> Your assignment
Omit every picture and return the rest of the data unaltered.

> Exercise data
--------
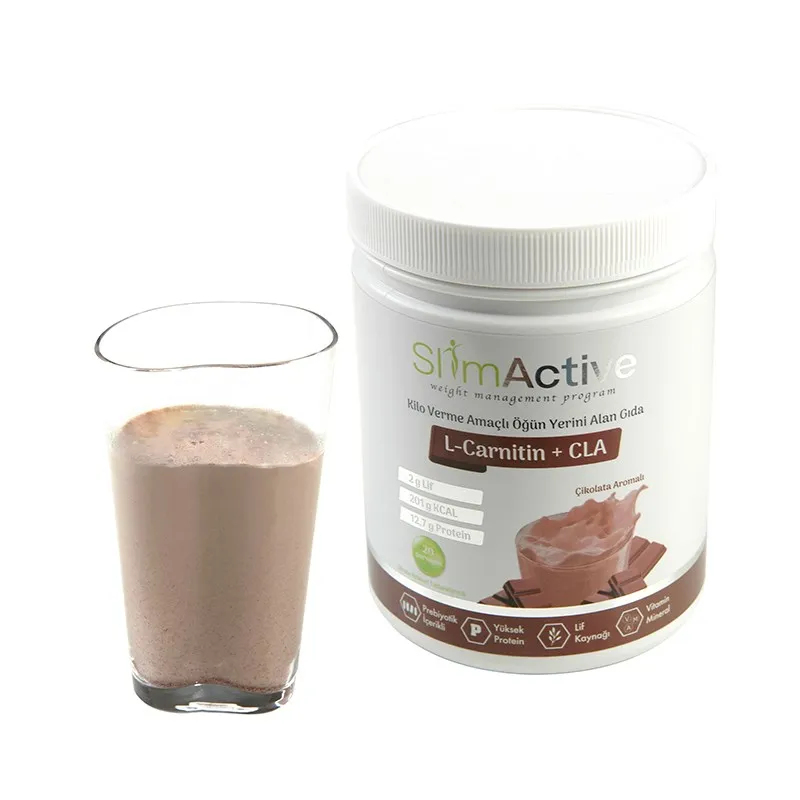 Активная формула для похудения 1 Здоровая пища питательный коктейль какао 420 г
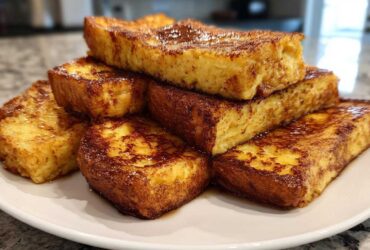 French Toast Sticks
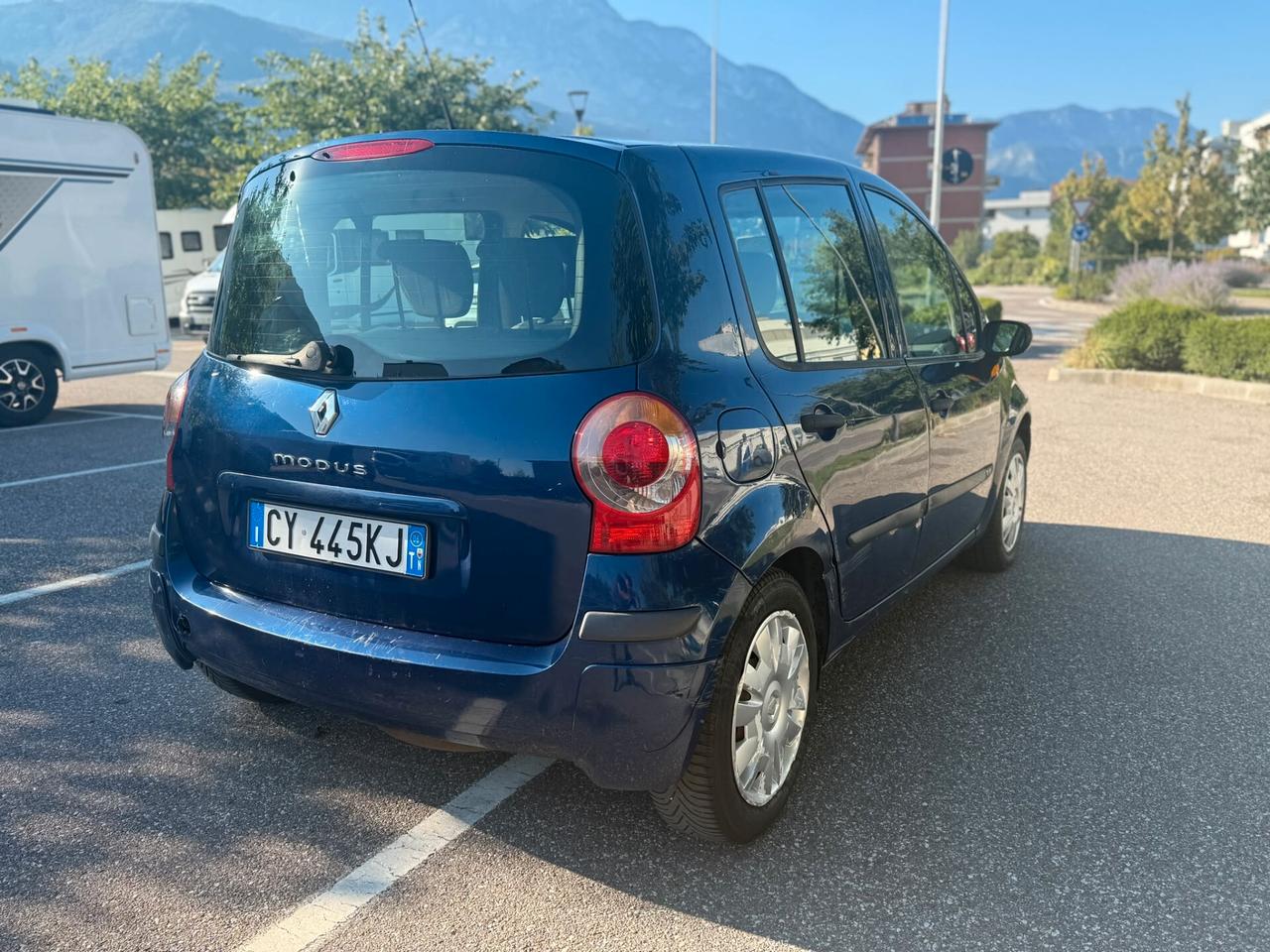Renault Modus 1.2 16V Luxe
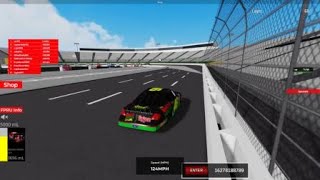 SRS Playoff Ro6 Race 23 Martinsville 46 POV Part 1 [upl. by Aube]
--------
> Response
 Активная формула для похудения 1 Здоровая пища питательный коктейль какао 420 г
 French Toast Sticks
Renault Modus 1.2 16V Luxe
 SRS Playoff Ro6 Race 23 Martinsville 46 POV Part 1 [upl. by Aube]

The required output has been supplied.